Messing With Ricers:

It's like "The Fast and the Furious"... but with even worse cars and zit-faced high school kids:

So, I pull into Dover Crossing (see: lovely Kroger shopping center) and cruise around to get a general idea of how much trash is on the parking lot. Well, right in the center of the lot there are around 30 high school aged kids showing off their cheap, poorly modded, late 90's import cars. I could have handled that alone, but the cars we're parked the exact opposite from the parking spaces. I guess spending mommy's money on a body kit from eBay (that you managed to crack 2 days after purchase) gives you the right to do that. There are a couple of problems here:

1) The children are hanging out right in the middle of the lot... over trash... that I need to pick up... now.

2) I have a deep hatred for idiot 17 year olds, lovely riced-out Honda civics, AND the anorexic trailer trash that passes for female companionship in that neck of the woods.

A trifecta of doom united.

this could get interesting.

So I park the truck at the end of the lot, blow out the curb line, and proceed to pick up every bit of trash AROUND the Mentally Challenged Drivers Club meeting. I made a few close passes, hoping that they would get some assemblage of a clue and move. I then shunned myself for applying an ounce of logic when dealing with retards.

So I cruise around for around 5 minutes and they still don't move. I shut down the rear engine and go over to the group of kids, I quickly find the leader and have a conversation with him... it went something like this:

Hey man, I was wondering if you guys could move a couple of spaces over so I can sweep here. You don't have to move your car or anything, I just need to get into this aisle for about 3 minutes."

Moron: "gently caress you."

Hey man, we don't need any of that.. I just need to move in here for a few minutes. I'll be out of your hair in no time, really.

Moron: "Why don't you get back into your truck, and get the gently caress out of here."

-- Now... the group of kids had gathered around, and had actually started laughing at that last comment.

So, it's like that?

Moron: "Yeah, it's like that."

Alright man, just remember that I asked nicely first.

Moron: "gently caress OFF, GARBAGE MAN!"


-- You know, something I've never understood is why people have to mess with me. First of all, I'm as big as a tank and I know how to fight. Second of all, I'm a nice guy... until you piss me off. So the children taunt me as I go back to my truck.

Oh, drat.. I forgot to mention that I picked up a bag of Quick-Crete at Home Depot.. my previous stop that evening. You see, it was a full bag that had split open, so I had just put it in the back of my hopper (the hopper is where all of the trash goes). Oops. I wonder what would happen if I ran the blower engine (that's the engine that creates suction) at 100% throttle with all of that powdered Quick-Crete in the back... might as well find out, right?
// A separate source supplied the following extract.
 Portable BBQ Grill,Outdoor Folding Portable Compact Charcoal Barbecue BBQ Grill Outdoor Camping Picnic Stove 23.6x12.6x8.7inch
I dropped the hammer on the throttle control. My blower engine was screaming at full throttle, exhaust shooting out of the pipes. I had never run it at full power because usually 30-50% is more than enough to pick up garbage.Plus, I didn't need anymore exploding sweeper trucks. The entire truck was shuddering. There was so much pressure in the hopper, the Quick-Crete couldn't find a way to escape.... so I made one.

I made one final run at the children. I was going about 25 miles an hour when I hit the controls to separate the hopper from the truck. What ensued was something for the ages.

Quick-Crete and dust came billowing out of the two gigantic intake tubes. It seriously looked like a scene from Maximum Overdrive. The sound was horrendous as I made 3 loops around the children and their cars. A Thick cloud of dust enveloped the parking lot as I did my laps like some kind of demon.

The kids literally sprinted to their cars which were now covered with a super fine layer of white powder. I had never seen a parking lot clear out in under 15 seconds.

I shut my engine down, reconnected the hopper to the intake tubes, and moved to the dust storm-free front of the Kroger. Unbeknownst to me, I had drawn a crowd of the late night stocking crew who had seen me talking to the teens on camera, and wanted to watch the action.

I hopped out of the truck and lit a cigarette. All of the stocking crew was amazed and said "that was loving awesome!" and that I "showed those assholes". We chatted for a few minutes as the dust cloud settled. It was time to move on to my next stop.


Oh, there's one more thing. A rainstorm had moved through about 10 minutes before I showed up. Their cars were wet when I crop dusted.

Hope they had fun getting that poo poo off.